PARIS – One had been playing music. Another rushed in as dangerous flames engulfed a medieval spire. A third scrambled to find keys to a safe that held priceless relics.
Three days after a devastating fire destroyed large parts of the world-famous Notre Dame Cathedral in central Paris, investigators have yet to reveal the specific cause of the blaze that burned the cathedral’s ancient wooden beams. They don’t suspect foul play, and they think it was an accident. But the dramatic stories of those caught up in the fire at the 850-year-old site have started to emerge.
Johann Vexo, 40, an organist for the church’s choir, was playing his instrument as part of a 6 o’clock Mass service for about 200 people. He was among the first to be evacuated from Notre Dame.
About 10 to 15 minutes into the service, a smoke alarm went off.

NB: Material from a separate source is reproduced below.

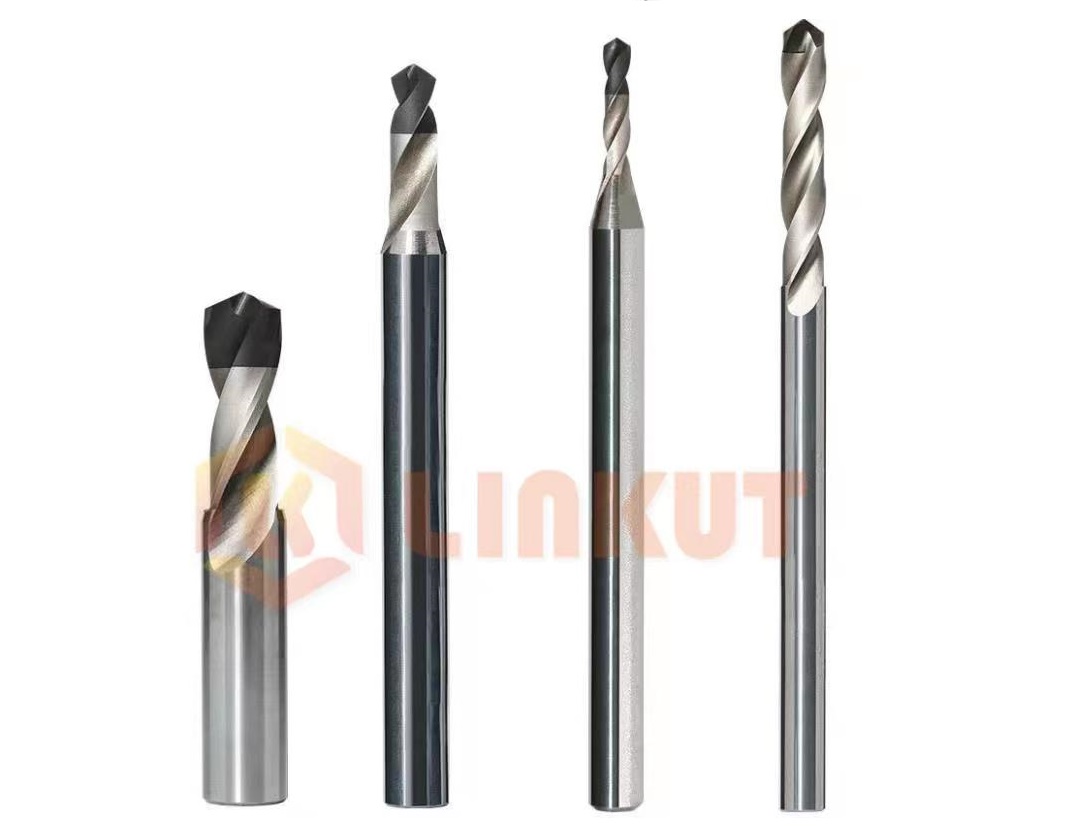 PCD Integrated Drill Bit  for Processing  Carbon Fiber Composites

“I am on duty every Monday. My first thought was: ‘This is a mistake. It’s a problem with the alarm system.’ It never occurred to me that it was a real fire,” Vexo told USA TODAY.

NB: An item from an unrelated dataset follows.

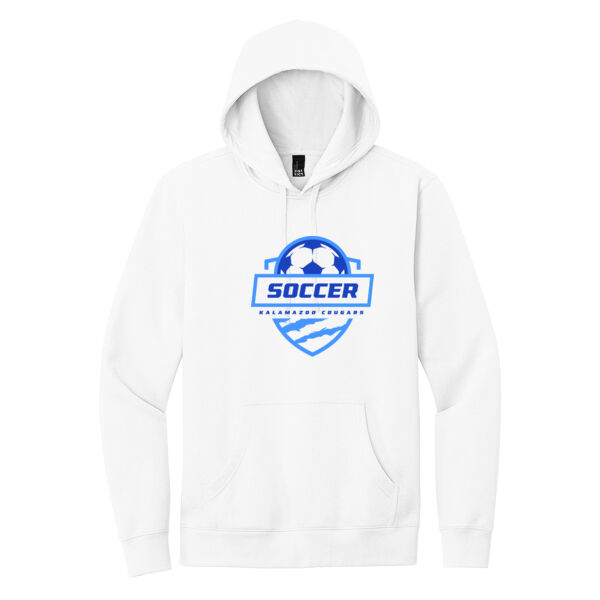 District Fleece Hoodie (Name Option) -Soccer Thumbnail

Vexo and the worshipers calmly filed out halfway through a reading of the Gospels.
He went home, not even sure if there had been a fire.
At around 6:20, a church security officer responded to the alarm and reported seeing no smoke or fire.
Less than 30 minutes later, as the church was about to let people back in, a second alert was received by the security team. This time, fire had been spotted.
Myriam Chudzinksi, 27, a corporal in the Paris Fire Brigade, was among the first emergency service personnel to get to the cathedral. She arrived in less than 10 minutes, just before 7 p.m.
“I didn’t realize how intense the fire was going to be,” Chudzinksi told reporters Wednesday during a news conference from the floor of a fire station close to the cathedral.
Chudzinksi said she knew it was a serious situation when she saw large crowds of people gathered around the perimeter of the cathedral taking selfies and videoing what appeared to be an unfolding catastrophe.
“There was so much smoke I didn’t even see the spire fall. I only heard it. It was an extremely loud noise and I really didn’t understand what it meant,” she said. “The fire was so powerful and escalated so quickly it seemed like we were constantly having to retreat away from it.”
By 7:30 p.m., more than 400 firefighters were on the scene. Assisting them were at least 30 firetrucks, vehicles and even fire boats that arrived next to the cathedral along the River Seine.
About $1 billion in donations have been pledged for reconstruction efforts and France will hold a competition among international architects to design a new spire for the Notre Dame Cathedral after the one atop the church collapsed in the fire.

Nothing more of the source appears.